Image-text web data:
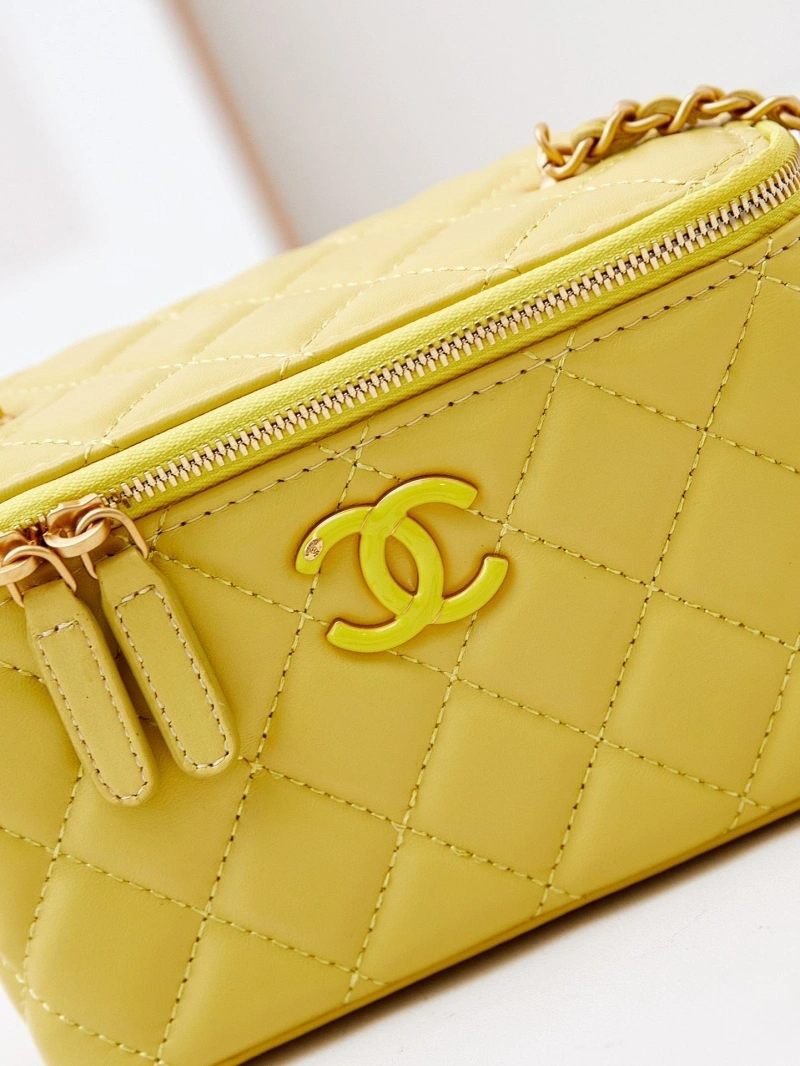 Ch**el cosmetic bags 4017-1059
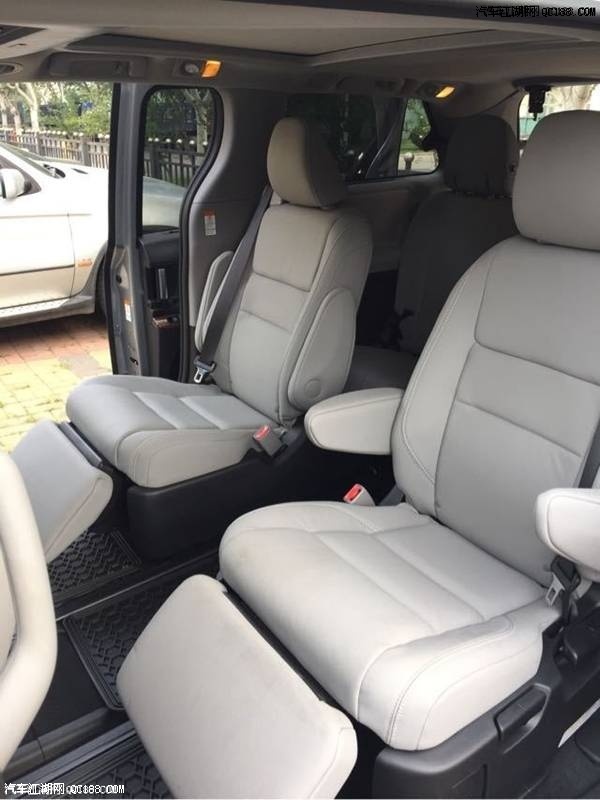 17款丰田塞纳JBL音响10扬声器7寸屏感受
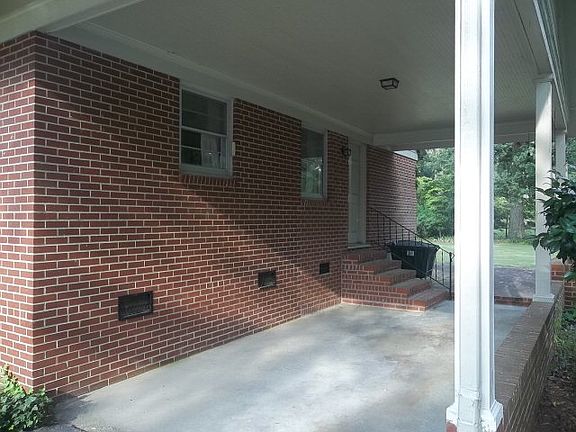 3rd image of 404 Englewood Drive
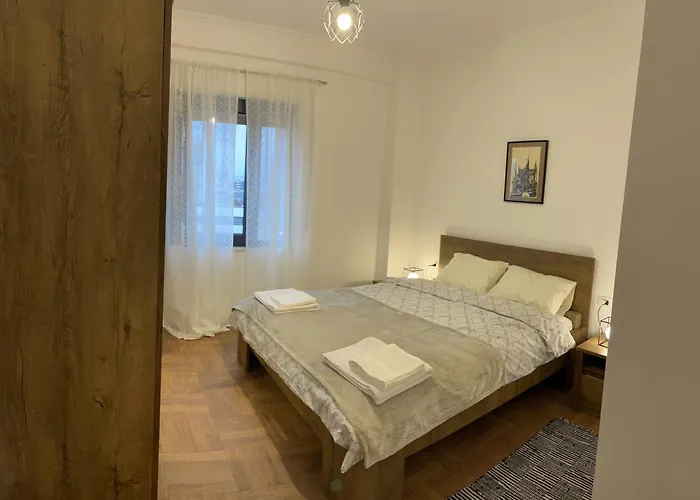 Simplicity Center * 티라나
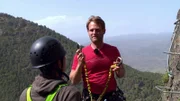 Coach Tobi erklärt den Gurt und die Sicherung, bevor die Sechs an den Klettersteig an der Steilwand dürfen.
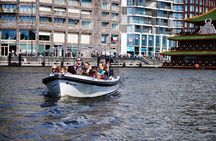 Amsterdam: 60-Minute Guided Private Canal Cruise with Drinks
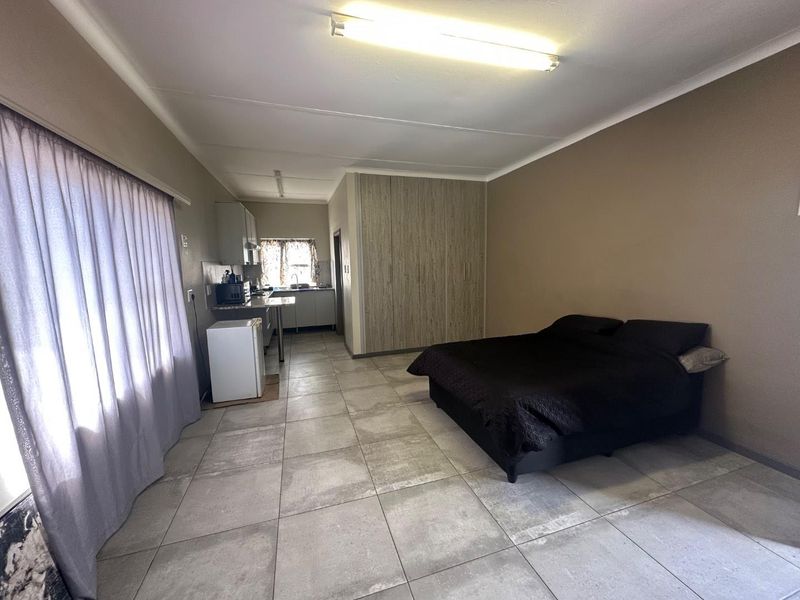 Block of Flats & Offices Walvis Bay - Photo 9
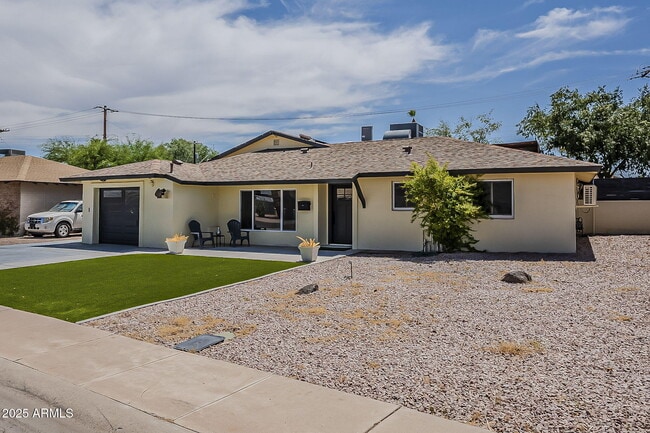 Building Photo - 8215 E Cypress St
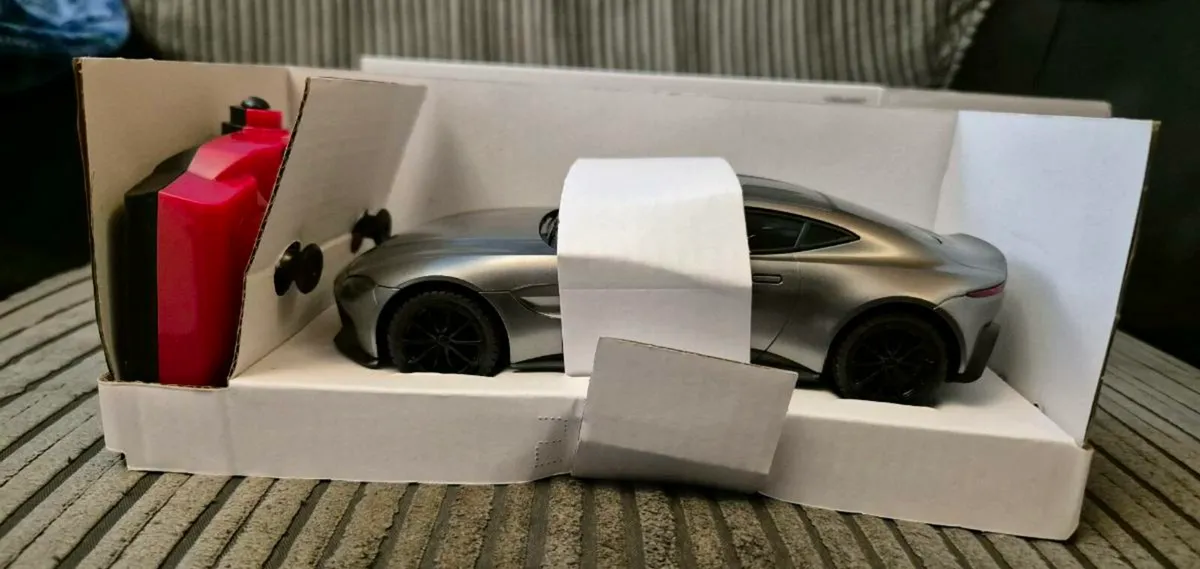 Radio Controlled Aston Martin Car - Image 3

* Your task *
Keep out the pictures, and copy exactly the lines from the one that contains "Simplicity Center * 티라나" through the final line of the records above, both ends included.

* Answer to this task *
 Simplicity Center * 티라나
 Coach Tobi erklärt den Gurt und die Sicherung, bevor die Sechs an den Klettersteig an der Steilwand dürfen.
 Amsterdam: 60-Minute Guided Private Canal Cruise with Drinks
 Block of Flats & Offices Walvis Bay - Photo 9
 Building Photo - 8215 E Cypress St
 Radio Controlled Aston Martin Car - Image 3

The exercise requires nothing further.